Data excerpts
◆ ◆ ◆ ◆ ◆ ◆ ◆

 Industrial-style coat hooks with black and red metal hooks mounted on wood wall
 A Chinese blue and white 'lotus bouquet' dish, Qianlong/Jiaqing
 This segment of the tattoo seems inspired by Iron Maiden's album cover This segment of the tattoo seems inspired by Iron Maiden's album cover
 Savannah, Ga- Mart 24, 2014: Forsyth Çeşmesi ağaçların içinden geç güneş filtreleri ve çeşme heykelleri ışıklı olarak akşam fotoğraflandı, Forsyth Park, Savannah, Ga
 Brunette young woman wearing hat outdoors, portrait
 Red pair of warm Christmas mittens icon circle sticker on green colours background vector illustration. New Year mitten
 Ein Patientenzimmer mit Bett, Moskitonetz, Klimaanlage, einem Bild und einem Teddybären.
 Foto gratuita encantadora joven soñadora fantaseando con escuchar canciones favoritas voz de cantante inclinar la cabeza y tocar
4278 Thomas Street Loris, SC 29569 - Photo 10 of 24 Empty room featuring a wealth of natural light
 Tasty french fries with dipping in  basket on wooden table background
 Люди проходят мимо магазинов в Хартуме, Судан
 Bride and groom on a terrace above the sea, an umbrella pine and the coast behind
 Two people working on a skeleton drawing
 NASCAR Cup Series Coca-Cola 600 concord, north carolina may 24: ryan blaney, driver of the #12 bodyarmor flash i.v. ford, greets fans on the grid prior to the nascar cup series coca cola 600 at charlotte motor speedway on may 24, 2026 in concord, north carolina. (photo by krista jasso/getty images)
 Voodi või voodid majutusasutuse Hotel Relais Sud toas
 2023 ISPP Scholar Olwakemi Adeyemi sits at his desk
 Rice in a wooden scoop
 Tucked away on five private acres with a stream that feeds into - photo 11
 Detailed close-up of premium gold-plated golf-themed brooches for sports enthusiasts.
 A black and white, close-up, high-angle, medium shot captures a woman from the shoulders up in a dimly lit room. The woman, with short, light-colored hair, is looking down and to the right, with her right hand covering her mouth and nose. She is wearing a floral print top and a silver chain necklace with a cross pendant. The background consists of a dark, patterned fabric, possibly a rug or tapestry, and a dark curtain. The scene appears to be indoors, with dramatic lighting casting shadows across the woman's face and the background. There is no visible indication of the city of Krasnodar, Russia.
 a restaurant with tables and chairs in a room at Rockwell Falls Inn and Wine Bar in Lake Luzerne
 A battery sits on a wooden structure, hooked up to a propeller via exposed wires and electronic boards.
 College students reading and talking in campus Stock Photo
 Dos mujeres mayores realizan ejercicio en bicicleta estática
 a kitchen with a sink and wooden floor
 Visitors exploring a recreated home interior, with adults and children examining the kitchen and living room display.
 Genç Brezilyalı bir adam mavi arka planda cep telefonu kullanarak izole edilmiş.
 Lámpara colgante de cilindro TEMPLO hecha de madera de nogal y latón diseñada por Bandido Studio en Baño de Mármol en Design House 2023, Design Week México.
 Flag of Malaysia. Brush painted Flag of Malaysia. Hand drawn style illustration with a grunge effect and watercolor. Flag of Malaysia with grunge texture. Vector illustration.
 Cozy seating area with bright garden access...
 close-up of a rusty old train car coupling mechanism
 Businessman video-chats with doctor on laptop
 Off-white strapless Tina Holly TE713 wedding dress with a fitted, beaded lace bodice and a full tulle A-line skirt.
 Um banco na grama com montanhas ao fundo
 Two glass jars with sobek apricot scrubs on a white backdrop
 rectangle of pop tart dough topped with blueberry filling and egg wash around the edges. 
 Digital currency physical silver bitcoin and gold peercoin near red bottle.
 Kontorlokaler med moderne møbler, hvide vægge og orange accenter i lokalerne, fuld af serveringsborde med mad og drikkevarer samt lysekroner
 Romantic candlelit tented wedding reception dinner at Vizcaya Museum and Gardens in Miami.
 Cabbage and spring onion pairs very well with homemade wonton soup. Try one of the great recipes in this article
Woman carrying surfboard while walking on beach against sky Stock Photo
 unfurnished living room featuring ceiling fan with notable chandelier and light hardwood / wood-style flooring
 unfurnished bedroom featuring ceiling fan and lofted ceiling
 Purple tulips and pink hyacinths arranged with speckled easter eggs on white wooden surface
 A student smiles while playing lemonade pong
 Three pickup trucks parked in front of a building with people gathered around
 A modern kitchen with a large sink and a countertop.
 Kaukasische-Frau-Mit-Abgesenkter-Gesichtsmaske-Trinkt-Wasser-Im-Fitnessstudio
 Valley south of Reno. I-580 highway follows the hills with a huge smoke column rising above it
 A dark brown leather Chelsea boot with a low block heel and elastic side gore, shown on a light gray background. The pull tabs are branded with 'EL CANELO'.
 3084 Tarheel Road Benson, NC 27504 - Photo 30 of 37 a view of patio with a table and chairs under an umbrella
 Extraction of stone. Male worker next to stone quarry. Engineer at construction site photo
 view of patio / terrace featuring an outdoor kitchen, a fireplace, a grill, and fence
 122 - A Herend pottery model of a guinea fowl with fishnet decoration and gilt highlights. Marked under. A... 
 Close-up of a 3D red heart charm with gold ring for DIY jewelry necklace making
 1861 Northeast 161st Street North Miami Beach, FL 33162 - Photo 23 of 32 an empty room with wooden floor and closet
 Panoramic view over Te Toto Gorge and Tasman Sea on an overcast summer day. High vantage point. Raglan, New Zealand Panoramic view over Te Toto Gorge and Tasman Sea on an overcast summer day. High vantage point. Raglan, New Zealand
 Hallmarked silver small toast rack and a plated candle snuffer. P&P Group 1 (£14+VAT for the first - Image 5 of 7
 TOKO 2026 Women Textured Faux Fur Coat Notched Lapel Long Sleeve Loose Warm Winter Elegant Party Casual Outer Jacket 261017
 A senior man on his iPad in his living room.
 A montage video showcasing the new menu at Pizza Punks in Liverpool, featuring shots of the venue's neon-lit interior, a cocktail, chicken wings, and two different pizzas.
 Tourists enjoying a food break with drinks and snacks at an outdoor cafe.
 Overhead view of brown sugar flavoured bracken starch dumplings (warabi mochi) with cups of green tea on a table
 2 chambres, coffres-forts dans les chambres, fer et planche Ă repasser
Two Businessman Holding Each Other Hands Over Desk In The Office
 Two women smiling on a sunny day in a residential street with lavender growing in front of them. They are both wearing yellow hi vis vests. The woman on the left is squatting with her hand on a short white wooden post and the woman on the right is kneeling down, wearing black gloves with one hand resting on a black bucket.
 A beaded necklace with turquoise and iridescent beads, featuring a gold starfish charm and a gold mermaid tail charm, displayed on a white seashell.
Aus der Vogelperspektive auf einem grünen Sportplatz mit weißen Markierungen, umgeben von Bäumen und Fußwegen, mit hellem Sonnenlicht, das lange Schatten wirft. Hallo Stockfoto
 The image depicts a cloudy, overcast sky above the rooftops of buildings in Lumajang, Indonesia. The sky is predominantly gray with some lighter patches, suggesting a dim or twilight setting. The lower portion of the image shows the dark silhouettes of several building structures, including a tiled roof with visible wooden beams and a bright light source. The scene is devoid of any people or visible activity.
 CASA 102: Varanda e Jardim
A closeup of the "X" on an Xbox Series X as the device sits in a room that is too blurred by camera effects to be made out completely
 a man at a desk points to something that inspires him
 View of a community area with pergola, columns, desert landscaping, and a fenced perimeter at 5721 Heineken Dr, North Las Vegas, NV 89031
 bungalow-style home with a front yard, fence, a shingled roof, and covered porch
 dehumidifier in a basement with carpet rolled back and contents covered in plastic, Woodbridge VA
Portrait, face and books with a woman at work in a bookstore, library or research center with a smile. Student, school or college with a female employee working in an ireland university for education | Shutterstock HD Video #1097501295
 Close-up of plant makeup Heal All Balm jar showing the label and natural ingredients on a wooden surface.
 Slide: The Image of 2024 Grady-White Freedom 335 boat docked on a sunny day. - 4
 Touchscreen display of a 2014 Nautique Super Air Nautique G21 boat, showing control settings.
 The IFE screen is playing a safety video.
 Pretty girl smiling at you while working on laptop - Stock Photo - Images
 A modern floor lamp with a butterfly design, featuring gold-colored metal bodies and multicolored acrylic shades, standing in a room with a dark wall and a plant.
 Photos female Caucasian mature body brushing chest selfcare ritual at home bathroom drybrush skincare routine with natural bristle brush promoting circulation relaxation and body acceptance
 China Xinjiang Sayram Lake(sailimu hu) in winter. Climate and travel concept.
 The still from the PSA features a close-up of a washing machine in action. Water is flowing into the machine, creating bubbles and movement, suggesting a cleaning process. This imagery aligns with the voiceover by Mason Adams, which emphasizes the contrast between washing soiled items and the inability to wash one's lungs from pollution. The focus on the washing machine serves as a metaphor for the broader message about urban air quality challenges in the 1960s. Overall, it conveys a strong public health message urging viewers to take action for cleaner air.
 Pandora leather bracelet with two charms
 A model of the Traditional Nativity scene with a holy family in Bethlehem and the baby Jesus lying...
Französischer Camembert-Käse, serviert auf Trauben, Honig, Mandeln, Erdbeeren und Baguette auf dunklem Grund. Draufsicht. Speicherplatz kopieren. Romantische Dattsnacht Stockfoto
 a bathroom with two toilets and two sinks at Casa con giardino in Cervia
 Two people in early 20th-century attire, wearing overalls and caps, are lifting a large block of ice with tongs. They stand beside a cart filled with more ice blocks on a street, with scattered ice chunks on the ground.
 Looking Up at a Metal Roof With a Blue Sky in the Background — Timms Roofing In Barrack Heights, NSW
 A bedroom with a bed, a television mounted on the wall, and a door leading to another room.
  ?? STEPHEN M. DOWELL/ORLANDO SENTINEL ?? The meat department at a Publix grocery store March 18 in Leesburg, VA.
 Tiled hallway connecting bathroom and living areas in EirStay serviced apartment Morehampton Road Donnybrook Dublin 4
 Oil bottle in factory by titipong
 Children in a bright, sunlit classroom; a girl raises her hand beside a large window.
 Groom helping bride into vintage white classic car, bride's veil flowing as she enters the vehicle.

◆ ◆ ◆ ◆ ◆ ◆ ◆

From the line holding "The image depicts" to the line holding "A modern floor", inclusive, restate each line above exactly as written.

 The image depicts a cloudy, overcast sky above the rooftops of buildings in Lumajang, Indonesia. The sky is predominantly gray with some lighter patches, suggesting a dim or twilight setting. The lower portion of the image shows the dark silhouettes of several building structures, including a tiled roof with visible wooden beams and a bright light source. The scene is devoid of any people or visible activity.
 CASA 102: Varanda e Jardim
A closeup of the "X" on an Xbox Series X as the device sits in a room that is too blurred by camera effects to be made out completely
 a man at a desk points to something that inspires him
 View of a community area with pergola, columns, desert landscaping, and a fenced perimeter at 5721 Heineken Dr, North Las Vegas, NV 89031
 bungalow-style home with a front yard, fence, a shingled roof, and covered porch
 dehumidifier in a basement with carpet rolled back and contents covered in plastic, Woodbridge VA
Portrait, face and books with a woman at work in a bookstore, library or research center with a smile. Student, school or college with a female employee working in an ireland university for education | Shutterstock HD Video #1097501295
 Close-up of plant makeup Heal All Balm jar showing the label and natural ingredients on a wooden surface.
 Slide: The Image of 2024 Grady-White Freedom 335 boat docked on a sunny day. - 4
 Touchscreen display of a 2014 Nautique Super Air Nautique G21 boat, showing control settings.
 The IFE screen is playing a safety video.
 Pretty girl smiling at you while working on laptop - Stock Photo - Images
 A modern floor lamp with a butterfly design, featuring gold-colored metal bodies and multicolored acrylic shades, standing in a room with a dark wall and a plant.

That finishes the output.